Collected data:

= Beginning of Section =

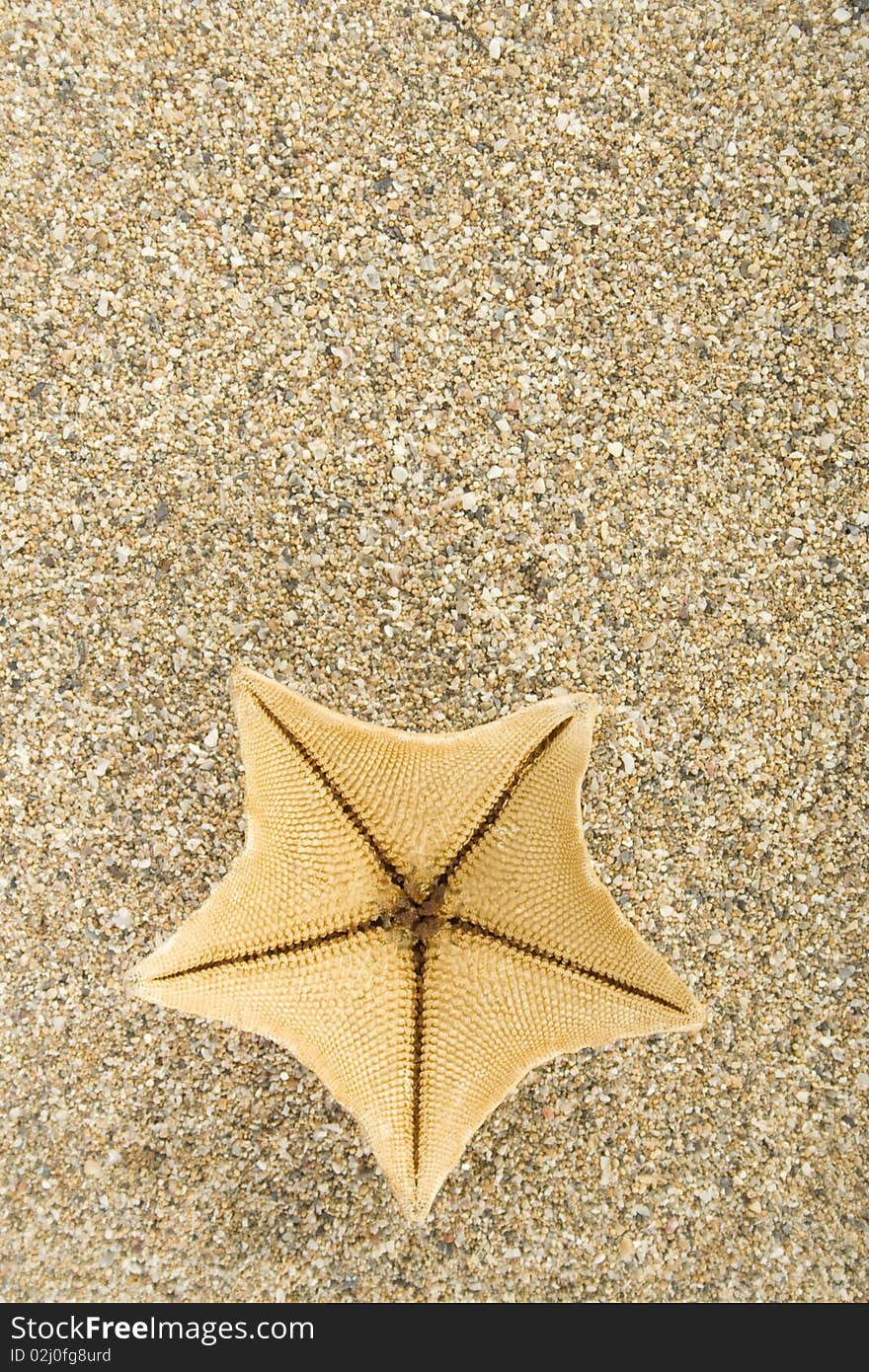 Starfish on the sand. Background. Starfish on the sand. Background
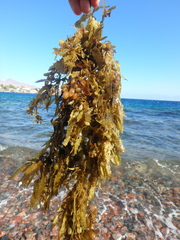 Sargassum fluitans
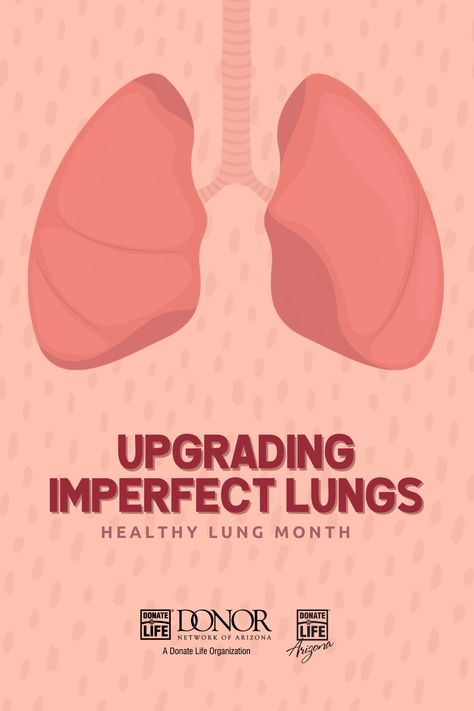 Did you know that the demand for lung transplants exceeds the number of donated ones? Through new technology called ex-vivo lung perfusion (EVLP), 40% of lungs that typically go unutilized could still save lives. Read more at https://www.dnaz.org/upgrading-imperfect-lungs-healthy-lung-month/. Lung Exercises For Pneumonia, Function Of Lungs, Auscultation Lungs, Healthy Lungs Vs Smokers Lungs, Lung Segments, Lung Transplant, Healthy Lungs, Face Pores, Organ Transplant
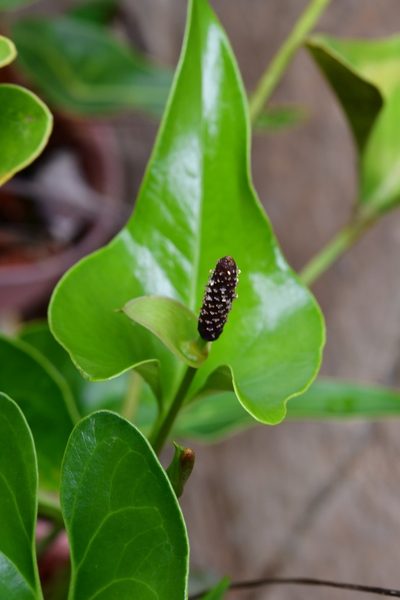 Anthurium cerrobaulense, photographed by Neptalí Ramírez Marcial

= End of Section =

Exactly and only the lines from the one holding "Sargassum fluitans" through the final line of the material must be returned, both ends included, without any pictures.

Task result:
 Sargassum fluitans
 Did you know that the demand for lung transplants exceeds the number of donated ones? Through new technology called ex-vivo lung perfusion (EVLP), 40% of lungs that typically go unutilized could still save lives. Read more at https://www.dnaz.org/upgrading-imperfect-lungs-healthy-lung-month/. Lung Exercises For Pneumonia, Function Of Lungs, Auscultation Lungs, Healthy Lungs Vs Smokers Lungs, Lung Segments, Lung Transplant, Healthy Lungs, Face Pores, Organ Transplant
 Anthurium cerrobaulense, photographed by Neptalí Ramírez Marcial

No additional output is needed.